* Input material:
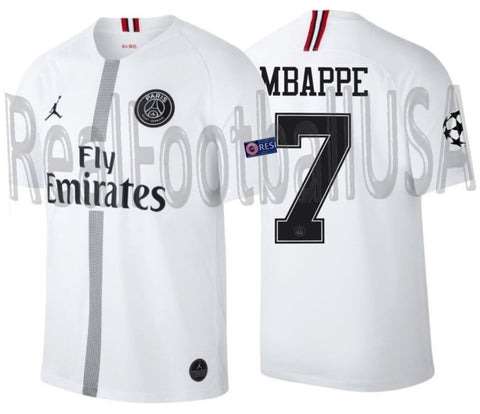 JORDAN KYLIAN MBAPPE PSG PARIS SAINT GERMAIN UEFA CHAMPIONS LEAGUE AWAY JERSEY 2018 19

---

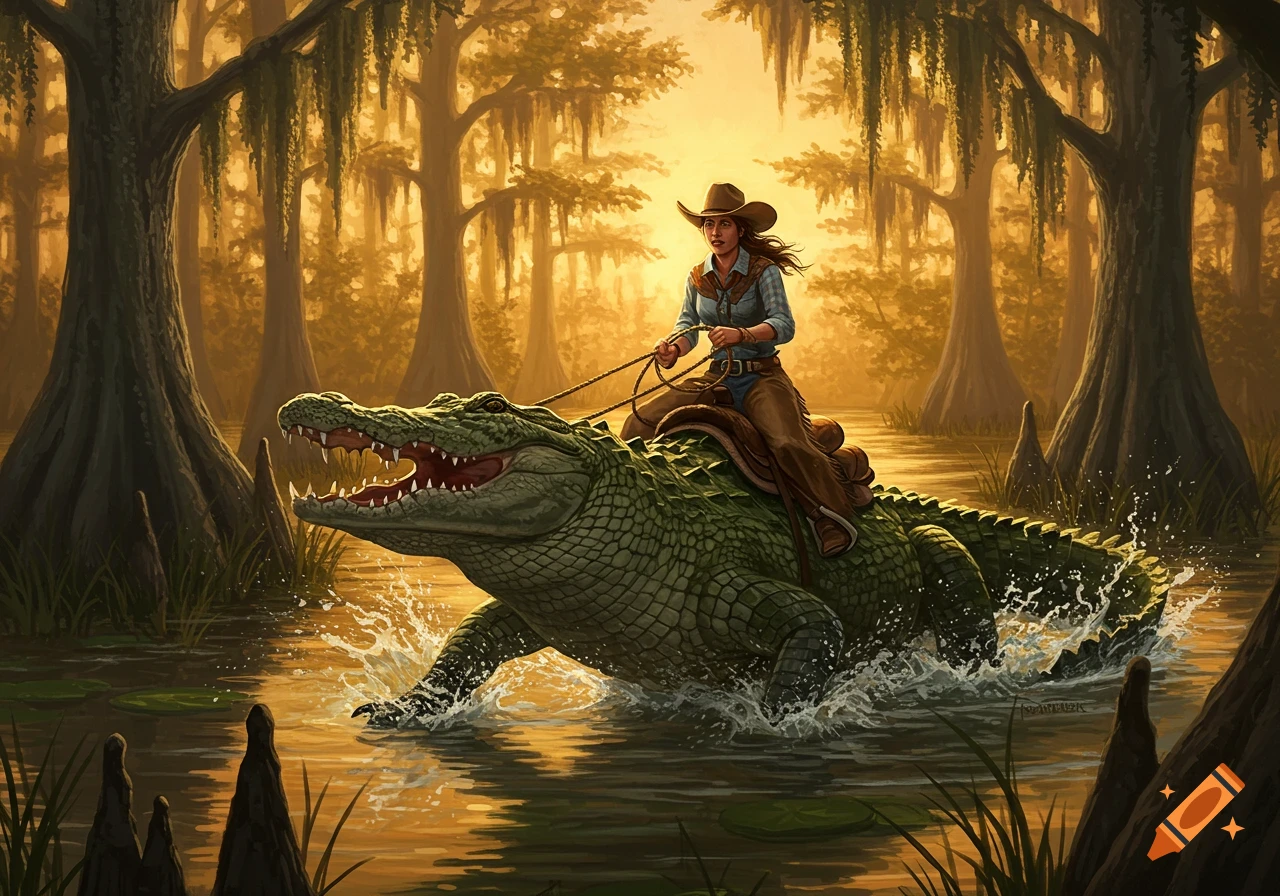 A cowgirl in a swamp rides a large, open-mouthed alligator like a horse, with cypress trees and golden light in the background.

...

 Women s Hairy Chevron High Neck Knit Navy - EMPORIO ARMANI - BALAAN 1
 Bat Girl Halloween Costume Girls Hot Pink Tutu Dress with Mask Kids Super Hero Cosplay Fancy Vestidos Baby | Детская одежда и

* Required action: Keep both end lines and retype everything in the records above from the line containing "Women s Hairy" through the line containing "Bat Girl Halloween", exactly, with nothing else.

* Final answer:
 Women s Hairy Chevron High Neck Knit Navy - EMPORIO ARMANI - BALAAN 1
 Bat Girl Halloween Costume Girls Hot Pink Tutu Dress with Mask Kids Super Hero Cosplay Fancy Vestidos Baby | Детская одежда и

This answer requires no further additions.